Ce fut tout un changement dans son mode de fonctionnement.  Habitué qu'il était à prendre de très longues marches tous les matins; à faire du lèche-vitrine , à s'occuper de l'approvisionnement en nourriture et tout le reste; il dut s'habituer à le faire en fauteuil roulant.  C'était évidemment beaucoup moins agréable.  Cependant, sociable comme il est; tout un chacun s'empressait de venir à son aide pour ouvrir les portes des magasins et lui aider. L'adaptation se fit bien à son grand étonnement. Il trouvait ses sorties fort agréables.  Il éveilla l'instinct maternel de plusieurs femmes, surtout des caissières des magasins.  Elles lui remontaient le moral et lui faisait la bise.  Les dames de l'immeuble ici, qui auparavant n'osaient l'aborder parce que son maintien en imposait se mirent à lui parler; à le dorloter.  Il aima ça!!!!

Il lui fallait se tenir occupé physiquement pour que son moral tienne .  L'été; il avait son bricolage.  L'hiver; s'était moins facile.  Il tint à déblayer la terrasse lors de tempête de neige.        Comme il ne voulait pas aller avec sa chaise roulante afin de ne pas entrer trop de neige dans le logis; il se servit d'une petite chaise sur roue (chaise de bureau) et c'est ainsi qu'il parvint à tenir la terrasse dégagée.  Ceci lui permettait de prendre l'air.
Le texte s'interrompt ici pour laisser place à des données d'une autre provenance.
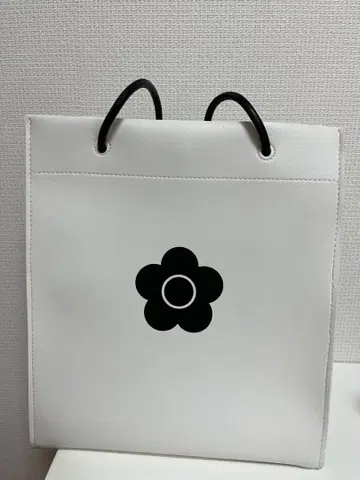 MARY QUANT 화이트 토트백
Je trouvais qu'il en faisait beaucoup trop vu son état et son âge. Sa façon de faire les choses m'inquiétait.  Il ne voulait pas changer ses façons de faire.  Il jonglait toutes sortes de plans pour arriver à fonctionner comme quand il était valide.  J'en avais la chair de poule quand je le voyais avec ses installations.  Mais bon... il avait toujours eu le don de se compliquer la vie. Avec lui; si ce n'était pas compliqué; ça ne pouvait pas être simple.  Rien ne l'arrêtait. Il avait un courage exemplaire.  Il fallait qu'il sorte à peu près tous les matins. L'hiver la neige ne l'arrêtait pas.      Nous avions un beau contrat de nettoyage à son retour.  Le fauteuil amenait la neige sale dans le logis.  Nous installions un tapis sous la chaise afin d'éviter que la neige fondue ne se répande en flaques d'eau.  Évidemment, je l'attendais avec ce qu'il fallait pour limiter les dégâts.  Un torchon dans une main et la moppe (balai à franges pour laver le sol) dans l'autre.  Ce n'était pas tellement compliqué.  Ces sorties le rendaient si heureux.  C'était ce qu'il appelait sa vie sociale.